Brute Force Approach

A brute force solution would process each user independently. For every distinct user, we could scan the entire table to collect that user's prompts, calculate the count and average, then scan the user's prompts again to determine whether any prompt exceeds the average.

This approach is correct because it explicitly computes all required statistics and directly checks the filtering condition. However, it repeatedly scans the table for each user. If there are U users and N rows, the total work can approach O(U × N), which becomes inefficient as the dataset grows.

Key Insight

The key observation is that all required information is aggregated at the user level.

We need:

Count of prompts per user
Average tokens per user
Whether a maximum token value exceeds the average

Instead of repeatedly scanning the table, we can group rows by user_id once. SQL aggregation functions such as COUNT(), AVG(), and MAX() naturally compute these values.
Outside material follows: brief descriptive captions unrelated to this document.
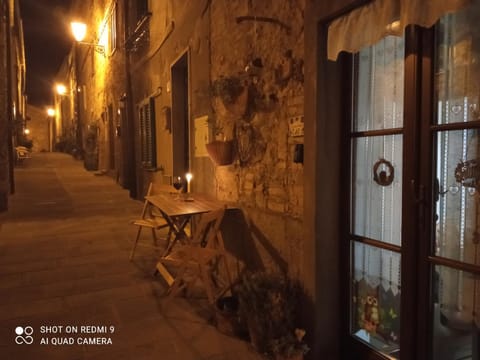 Property building, Night, Street view
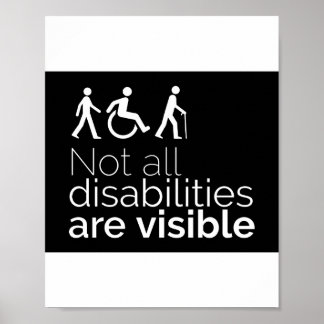 Retro Not All Disabilities Are Visible Poster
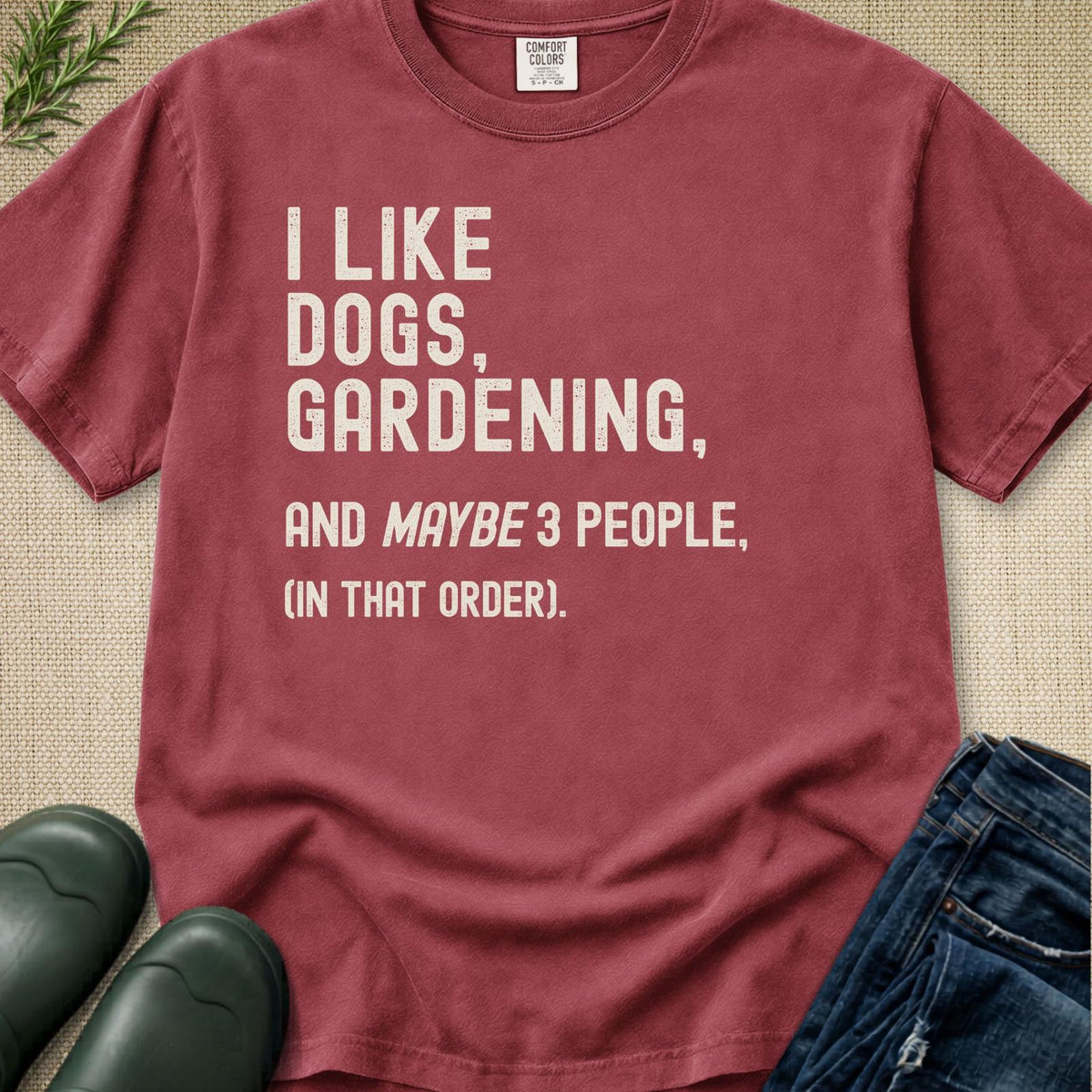 I like Dogs, Gardening... T-Shirt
The condition "at least one prompt greater than the user's average" can be expressed efficiently as:

MAX(tokens) > AVG(tokens)

If the maximum token count is greater than the average, then at least one prompt exceeds the average. If all prompts are equal, then MAX(tokens) = AVG(tokens) and the user should be excluded.

This allows the entire problem to be solved using a single grouping operation.

Approach	Time Complexity	Space Complexity	Notes
Brute Force	O(U × N)	O(1)	Repeatedly scans rows for each user
Optimal	O(N)	O(U)	Single grouping pass using aggregate functions

Algorithm Walkthrough

Group all rows by user_id.
For each user group, compute:

COUNT(*) as the total number of prompts.
AVG(tokens) as the average token usage.
MAX(tokens) as the largest token count submitted by that user.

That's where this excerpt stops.